For the rest of the year, Baltimore City public schools will be very much a work in progress.
During this time, a new school board must be named, an interim and permanent school chief must be chosen, a parent advisory council has to be created and a plan has to be drafted on how to spend new education aid.
When the governor signs the legislation adopted yesterday, the months ahead promise to be a creative, tumultuous time, marked by debates over improving the school system and high-level turnover, beginning with the exodus of Superintendent Walter G. Amprey.
nTC Yesterday, he pledged his and his staff's cooperation, saying, "We have to make sure that every bit of the transition is as smooth as possible and not disruptive to the children's education."
The first order of business will be for Mayor Kurt L. Schmoke and Gov. Parris N. Glendening to pick a volunteer nine-member school board from a list of at least 18 names culled by the State Board of Education from a list of about 120 candidates.
Schmoke said in a recent interview that he does not expect an announcement about the makeup of the new board until May at the earliest, saying that he and the governor had yet to decide how they were going to proceed.
"We haven't even talked about process yet," the mayor said. "The governor got the list [from the state board] and put it away until after the session."
The state board has declined to release the finalists' names, citing the confidentiality of personnel matters. Several public officials, community leaders and union representatives have criticized what they have characterized as the closed nature of the selection process.
"I don't think there should be any cloud of secrecy," said City Council President Lawrence A. Bell III, a sharp critic of the school deal. "It raises a lot of suspicion when it's handled that way."
Added Christyne L. Neff, an attorney for several unions of school employees, "If we don't know who's on the list, how can we provide input?"
When the mayor and governor make their appointments, the new school board will have to move quickly.
Under the legislation adopted yesterday, the board must appoint an interim chief executive officer to oversee the 110,000-student school system by June 15. The interim CEO is not eligible to hold the job permanently.
A permanent chief is to be on board by Oct. 30, although extensions to Dec. 31 are permissible for "extenuating circumstances."
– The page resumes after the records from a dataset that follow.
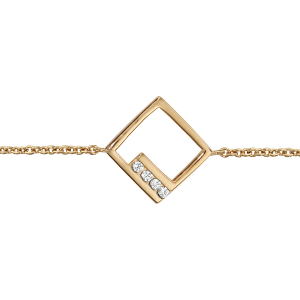 BRACELET PLAQUÉ OR FORME LOSANGE AJOURE OXYDES BLANCS SERTIS 16+2CM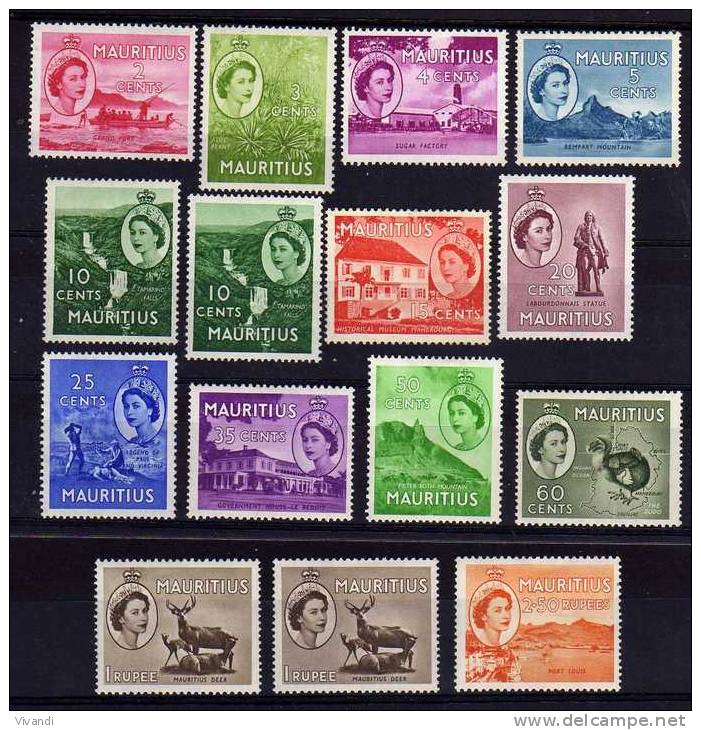 Mauritius - 1953/57 - QEII Definitives (Part Set) - MH - Mauricio (...-1967)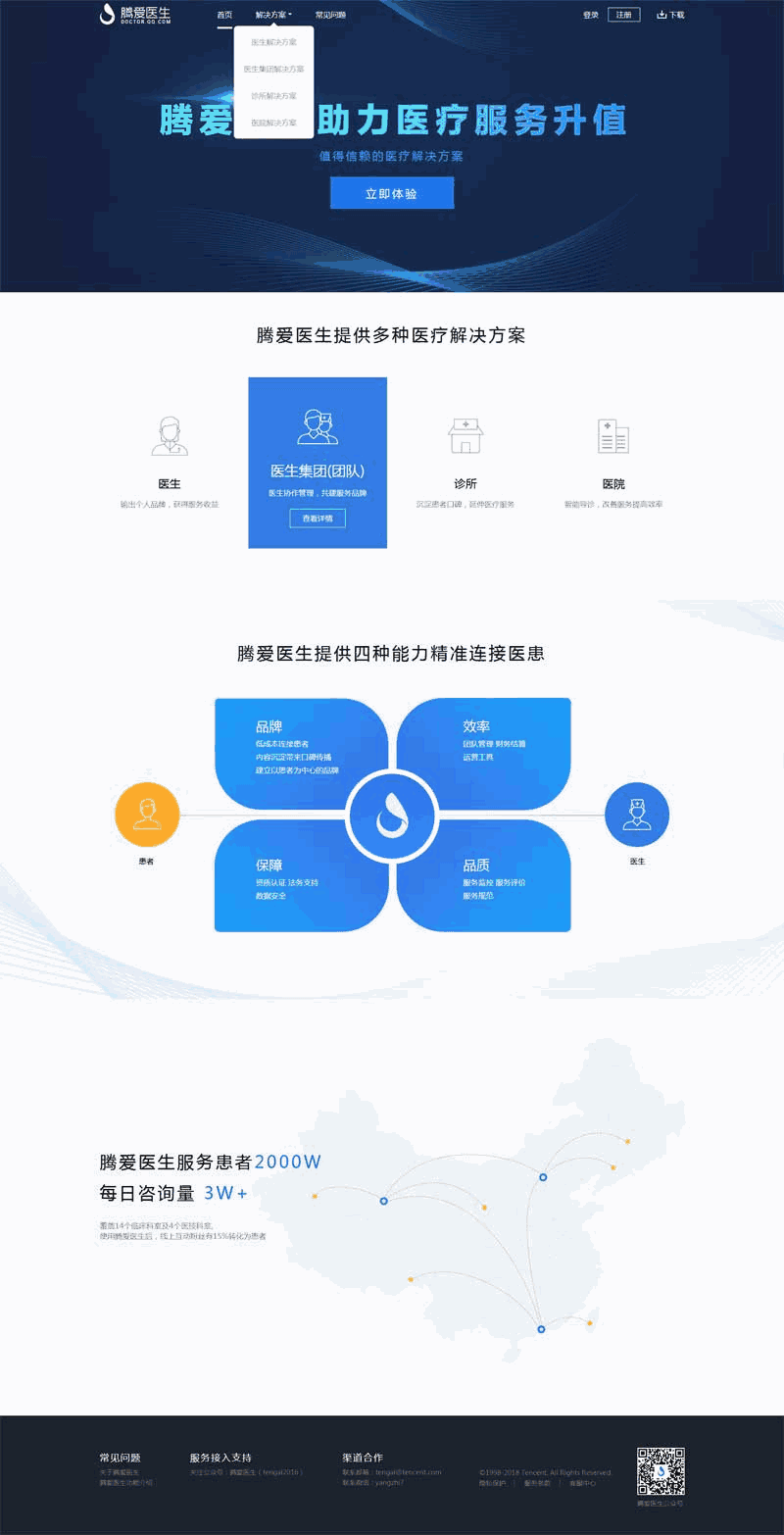 腾爱医生平台产品官网Wordpress模板（带手机版）效果图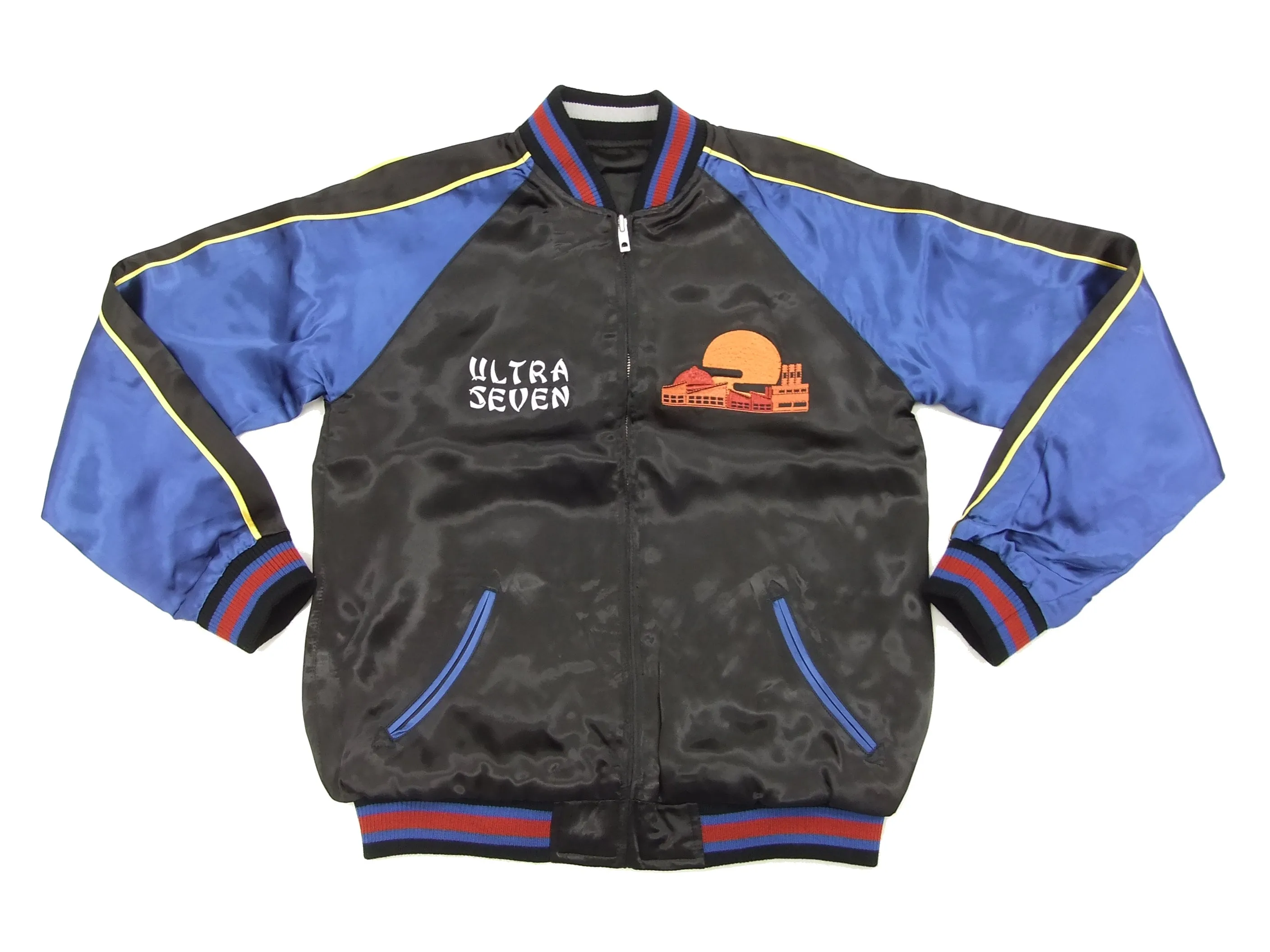 Hanatabi Gakudan Men's Japanese Souvenir Jacket Ultra Seven Alien Metron Sukajan Script ULSJ-010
The CEO will appoint a chief academic officer to oversee instructional matters and a chief financial officer to supervise the board's expanded powers over the budget and purchasing.
Amprey, whose position will not exist in the revamped hierarchy, is negotiating a settlement on the 15 months left under his $140,000-a-year contract.
The legislation calls for city schools to get $30 million in the coming year of the five-year commitment of $254 million. Half of that money is to arrive at the beginning of the new fiscal year July 1. The other half will be delivered when the new school board adopts an initial spending plan.
A more comprehensive plan on school reform is due Jan. 1.
The transition will be monitored by the federal court, the American Civil Liberties Union, and other groups.
Session's winners and losers
Score-keeping is one of the great political pastimes in Annapolis. Here, in no particular order, is a list of some winners and losers from the 1997 General Assembly session.
UP AND DOWN - Parris N. Glendening: A governor's power should bring him wins across the board, but several of Glendening's bills were killed this year and others were significantly altered.
UP AND DOWN - Casper R. Taylor Jr.: Resisting what must have been an overwhelming urge to let the governor's program blow up in the governor's face, the House speaker delivered on a range of key issues and seized the high ground on campaign finance reform. But a responsible leadership position may have hurt him politically. It's hard to see how this session gives a Taylor candidacy for governor any momentum.
UP - Thomas V. Mike Miller: The Senate president ran his #F chamber masterfully. His choice of income tax plans prevailed, and if it results in future deficits, his plan for slots at the race tracks could look more attractive.
UP -Tobacco industry: Big Tobacco emerged as the session's clearest winner as every proposal to increase tobacco taxes or limit sales through vending machines went up in smoke.
DOWN - Maryland dairy farms: It was bad enough that their plan to regulate milk prices failed. But did the Senate have to kill the bill making milk the state drink?
DOWN - Maryland Chamber of Commerce: After its stumbling performance alienated Republicans and Democrats alike, the chamber saw half of its tax cut go to the little guy.
UP - C.A. Dutch Ruppersberger: By resisting the feeding frenzy over education money and delivering his entire delegation for the Baltimore school aid plan, the Baltimore County executive polished his image as a fiscal conservative, a friend of the city and a savvy political poker player.
UP AND DOWN - Doug Duncan and Wayne K. Curry: The Montgomery and Prince George's county executives overplayed their hand in negotiations with the governor over education aid and angered key legislators. Back home, though, they get credit for the effort.
UP - House Republicans: The gang of 41 emerged as serious players on policy issues and could legitimately claim a big share of credit for an income tax cut financed entirely by spending reductions. They were also crucial to passage of the Baltimore school aid and management package.
UP AND DOWN - Kurt L. Schmoke: Baltimore's mayor brought home new help for his troubled school system, courageously agreeing that dramatic changes were needed in the city schools. But he has taken political flak for his efforts in some corners, especially from some black ministers and politicians who say he gave up too much.